For my Disney parents, it’s not as corny as Descendants 1, 2 or 3, but basically has a similar feel (or like a more edgy K.C. Undercover) and some of the same types of graphics but with black leads.
To the blackness!
1. Let’s start at the top: The show is set in Atlanta and filmed around Atlanta. So even if every single person in the story isn’t black, they’re in Atlanta, which levels up the blackness by default. Extra blackness points for the main character, Nicole Reese (played by Alisha Wainwright), for living in Decatur, where it’s greater. (The eastside city isn’t really greater; I’m a westside, Adamsville, Zone 4 chap myself, but “Decatur, where it’s greater” is a good motto.)
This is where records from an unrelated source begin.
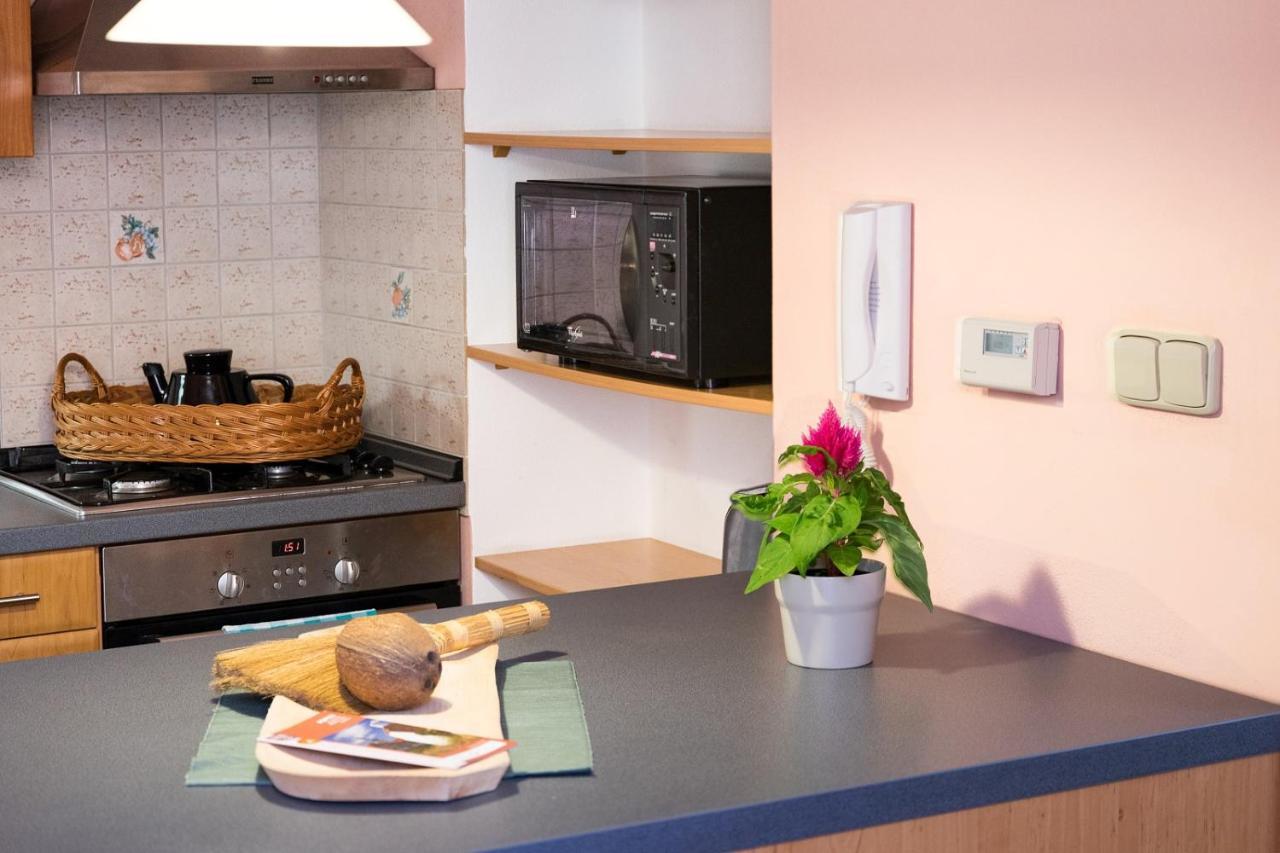 Antoninska Apartmán *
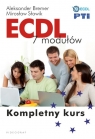 ECDL 7 modułów Kompletny kurs Sławik Mirosław, Bremer Aleksander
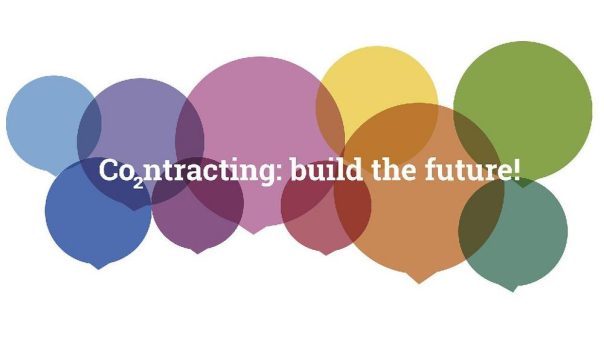 Bewerbungsfrist verlängert: Kommunen können sich noch bis zum 30. September für das dena-Modellvorhaben „Co2ntracting: build the future!“ bewerben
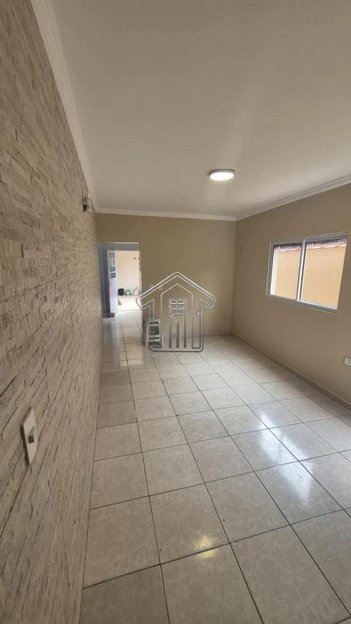 house em Rua Antônio Zanetti, Jardim Las Vegas - Santo André - SP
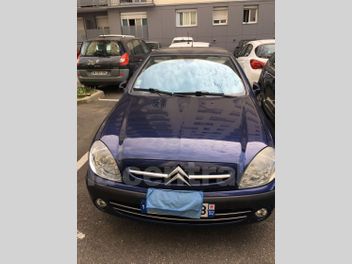 CITROEN 
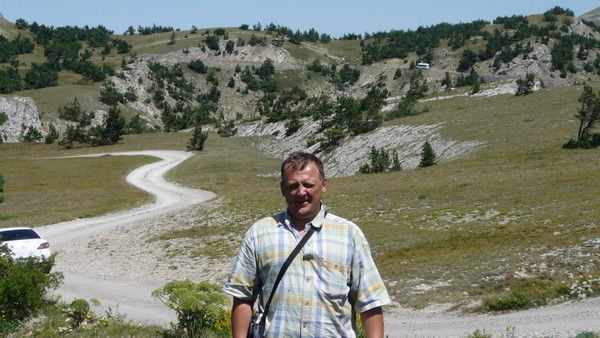 Владимир Хомяков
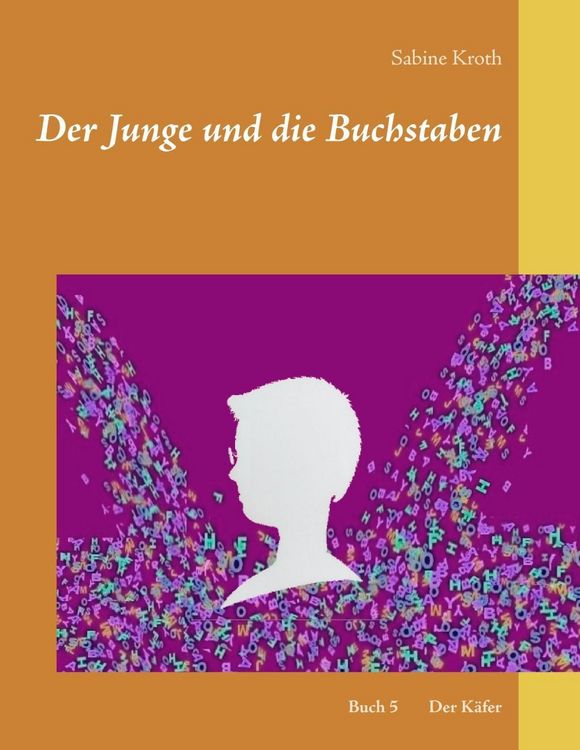 Produktbild: Der Junge und die Buchstaben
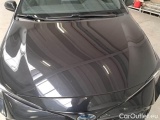  Toyota  Corolla TOYOTA  / 2019 / 5P / STATION WAGON TS 1.8 HYBRID BUSINESS TECH #38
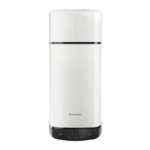 Boiler electric 80 l Ariston pentru apa calda menajera Nuos PLUS S2 WiFi 80 WH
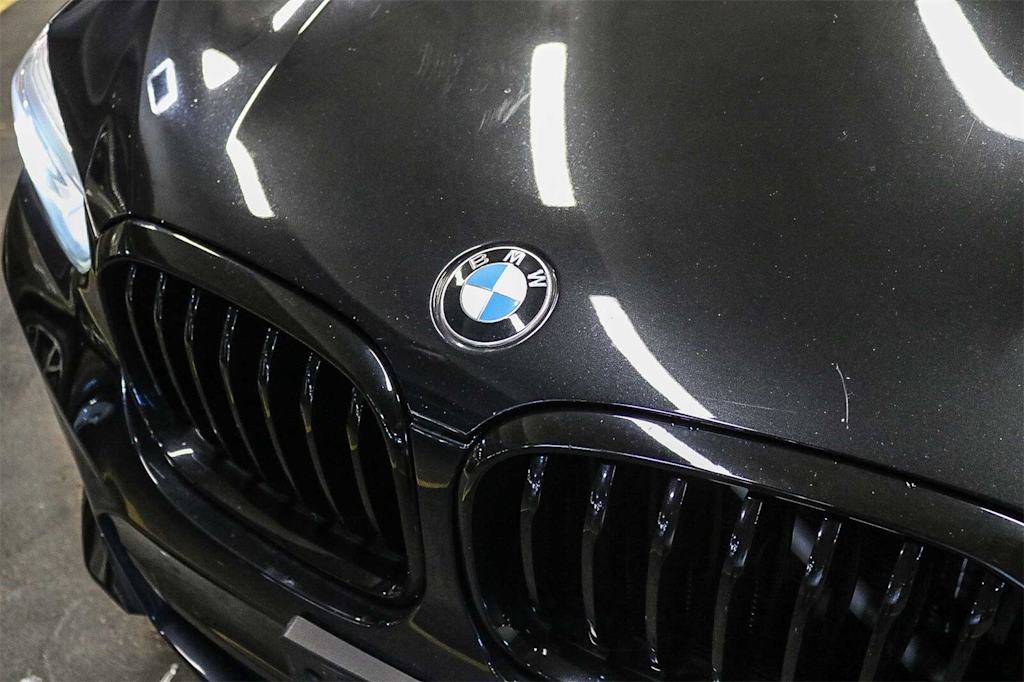 Thumbnail: 2021 BMW X4 - 5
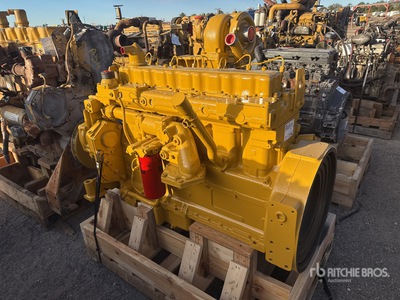 Cat 3306DI Engine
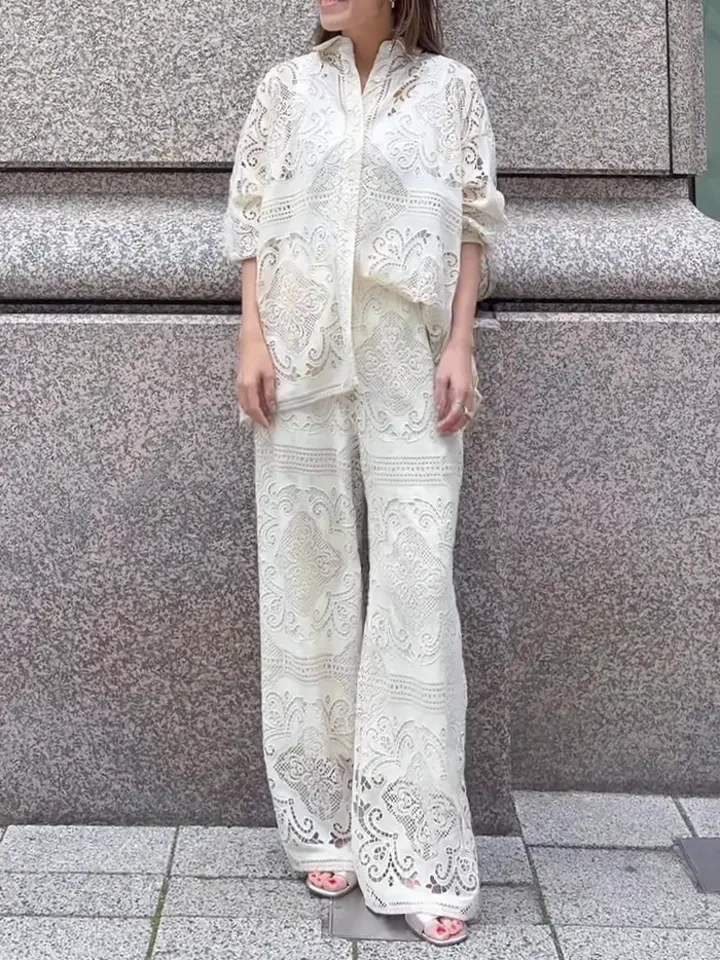 GRACE CONTINENTAL yukimi yonee コーディネート画像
2. Nicole’s husband is Mark Warren, played by bae-in-your-mind, Michael B. Jordan (who is also one of the executive producers for the series), and if you’ll remember, he was Erik Kilmonger in Black Panther, which is one of the blackest things to happen to blackness in at least the past 100 years. And for more extra points, Kilmonger clearly influenced one of Micah West’s hairdos on the vanta-black ass series, Queen Sugar, which is on OWN, which is owned by Oprah Winfrey. It’s blackness all around on this one.
3. Nicole and Mark’s son’s name is Dion, played by Ja’Siah Young. Listen, I’m sure you can google “people named Dion” and find some very fine non-black people. I just did it and a singer named Dion DiMucci is the very first hit. However comma, (if you write the word comma, do you have to still put a comma after it? And is a comma AFTER the word comma like, extra meta? My brain hurts.) if you were reading the newspaper and playing “Guess The Race” and read about a person named Dion in Atlanta, what race would you think they were? If you said “black” give yourself a pat on the back and have a drink on you later this evening.
4. Alvin Ailey gets several nods in the series. Nicole is a former ballet dancer who still wants to be a ballet dancer even though she keeps trying to convince us and everybody watching that she is no longer in dancer shape. Point is, shouts out to Alvin Ailey. That’s black.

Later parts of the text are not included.